AIM OF THE EXERCISE:
Nothing in the copy should be a picture; everything else in the listing is to be restated exactly.

DATASET CONTENT:
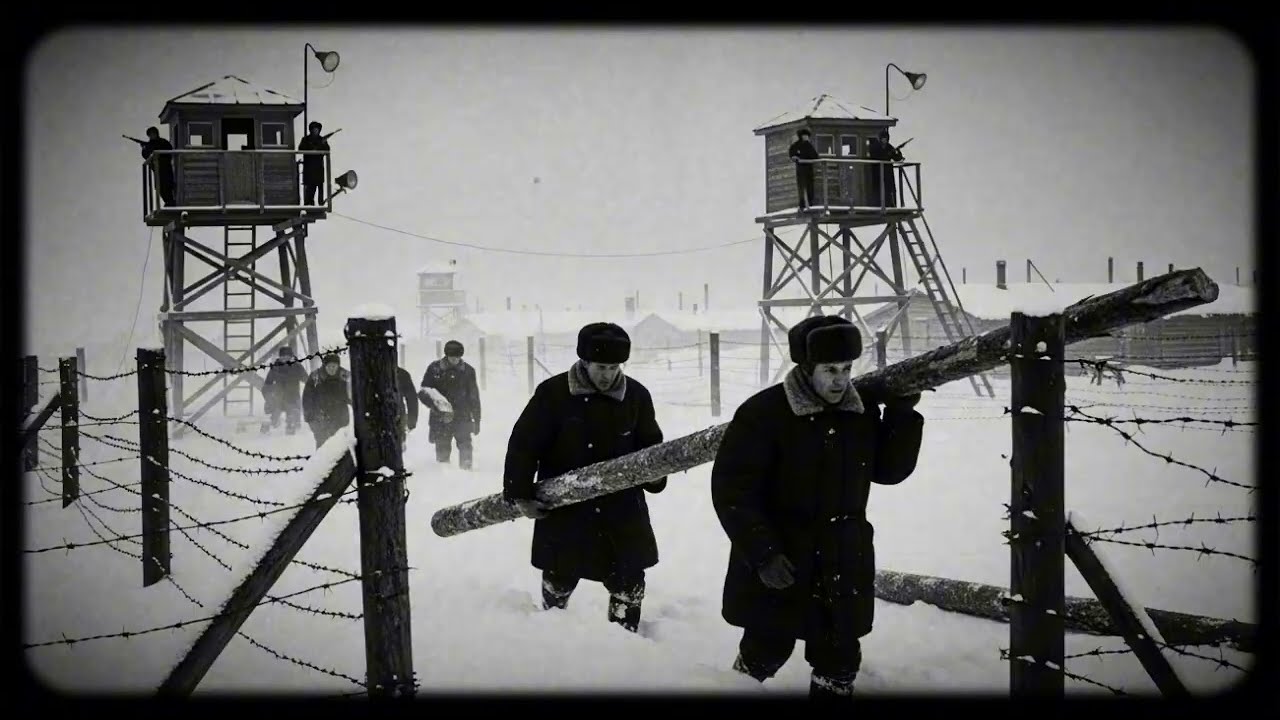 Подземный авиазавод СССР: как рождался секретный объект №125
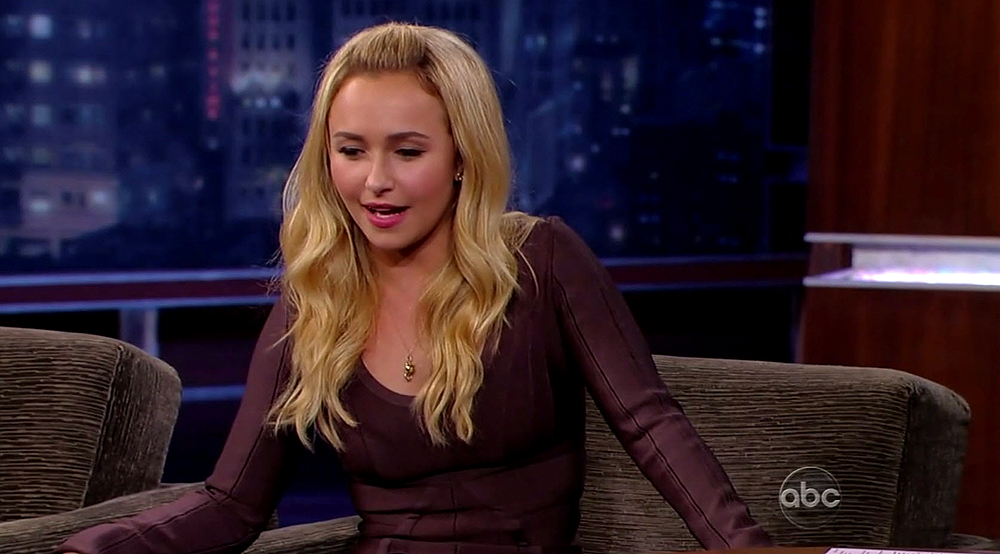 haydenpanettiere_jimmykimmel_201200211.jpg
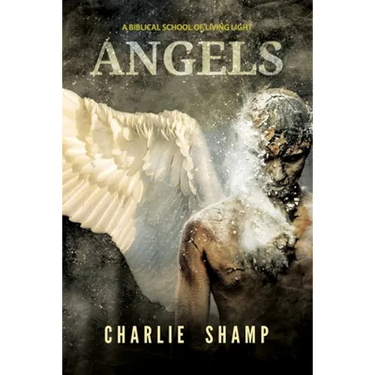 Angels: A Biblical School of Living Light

RESULT OF THE TASK:
 Подземный авиазавод СССР: как рождался секретный объект №125
 haydenpanettiere_jimmykimmel_201200211.jpg
 Angels: A Biblical School of Living Light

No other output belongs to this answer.